• **Data to examine**
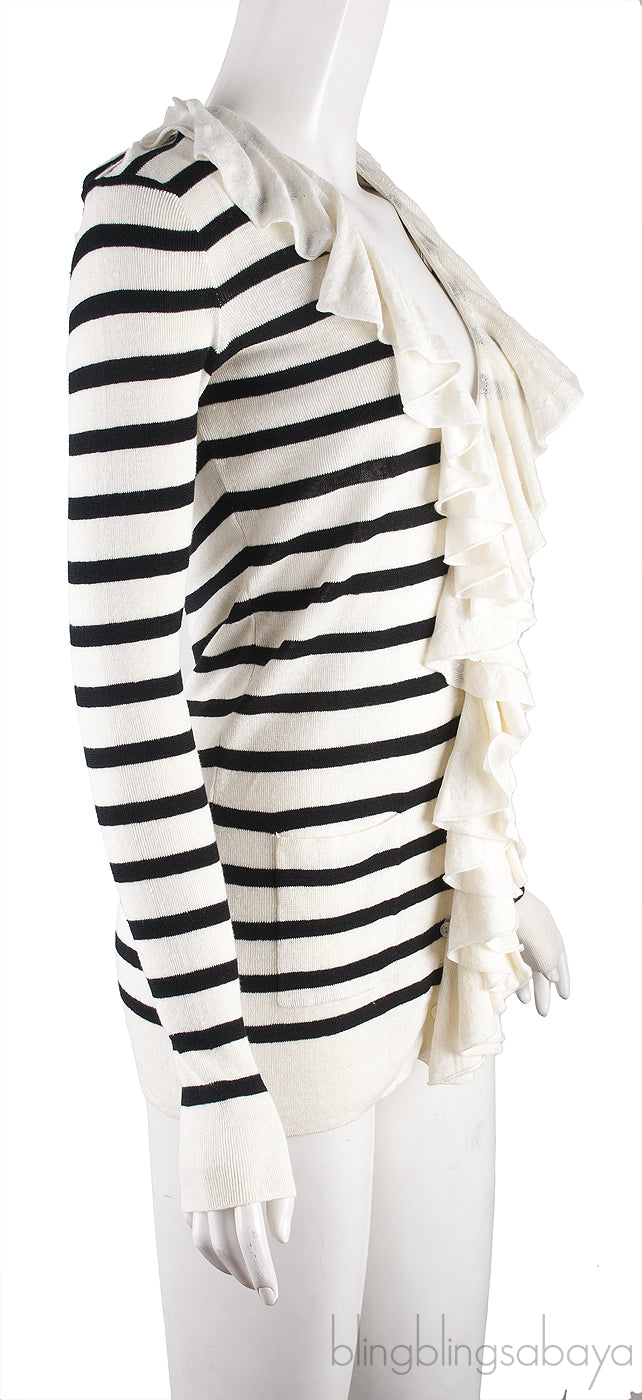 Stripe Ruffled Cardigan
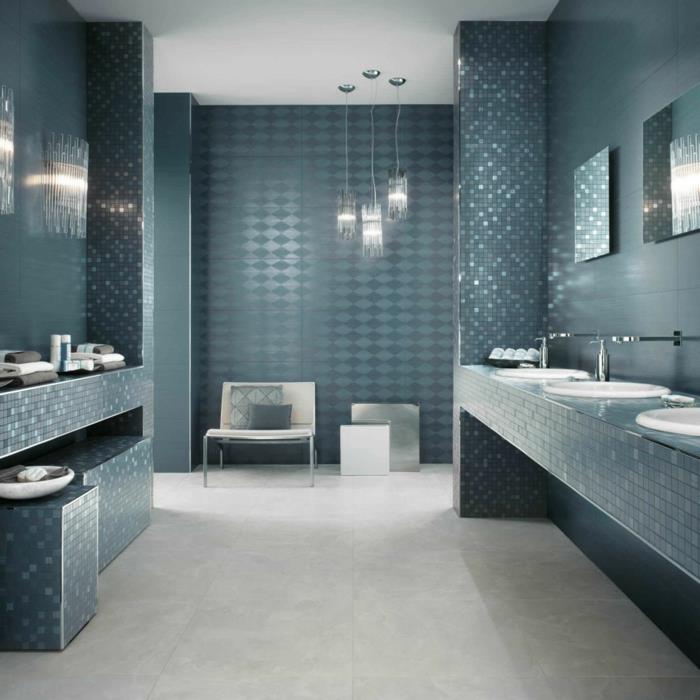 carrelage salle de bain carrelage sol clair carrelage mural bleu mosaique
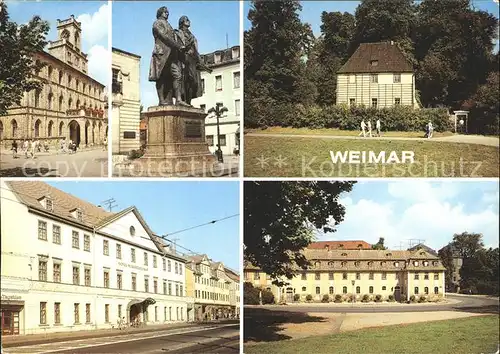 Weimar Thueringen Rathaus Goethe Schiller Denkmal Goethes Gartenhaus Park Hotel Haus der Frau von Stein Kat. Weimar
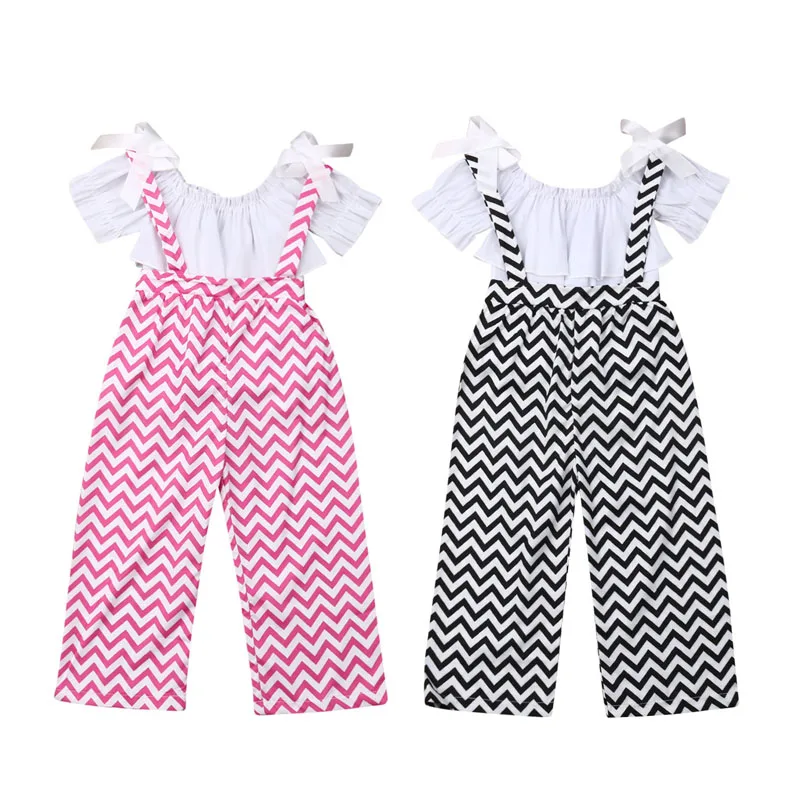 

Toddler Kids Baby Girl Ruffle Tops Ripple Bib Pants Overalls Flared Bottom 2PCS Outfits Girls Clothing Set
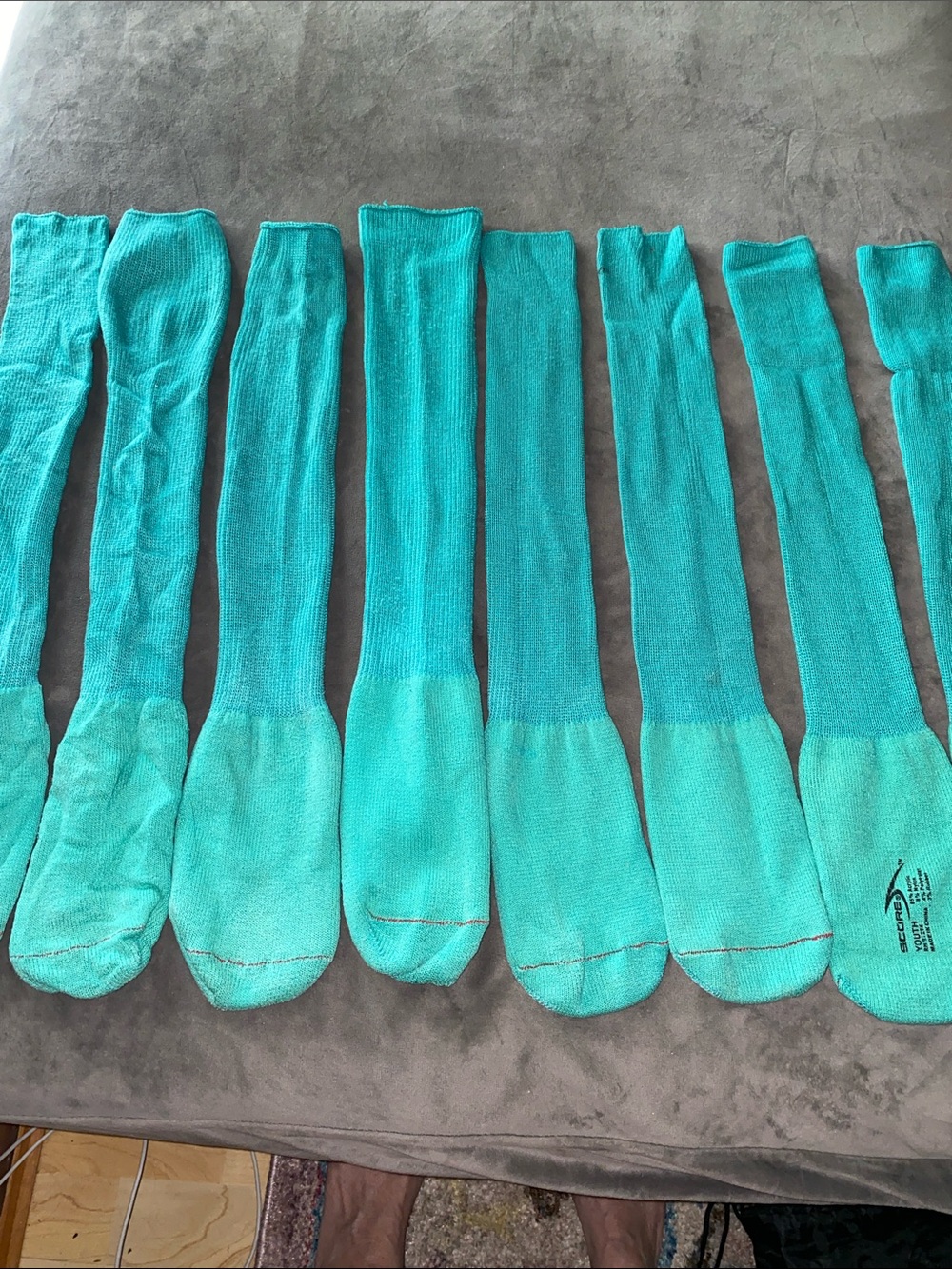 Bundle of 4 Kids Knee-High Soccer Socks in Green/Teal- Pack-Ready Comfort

--

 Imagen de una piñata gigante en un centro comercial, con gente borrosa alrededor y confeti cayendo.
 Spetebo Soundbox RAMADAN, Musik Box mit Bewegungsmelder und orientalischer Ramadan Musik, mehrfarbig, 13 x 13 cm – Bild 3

• **Task item**
Exact copy, pictures excluded: from the line with "Weimar Thueringen Rathaus" up to and including the line with "Bundle of 4" in the data above.

• **Result**
 Weimar Thueringen Rathaus Goethe Schiller Denkmal Goethes Gartenhaus Park Hotel Haus der Frau von Stein Kat. Weimar

Toddler Kids Baby Girl Ruffle Tops Ripple Bib Pants Overalls Flared Bottom 2PCS Outfits Girls Clothing Set
 Bundle of 4 Kids Knee-High Soccer Socks in Green/Teal- Pack-Ready Comfort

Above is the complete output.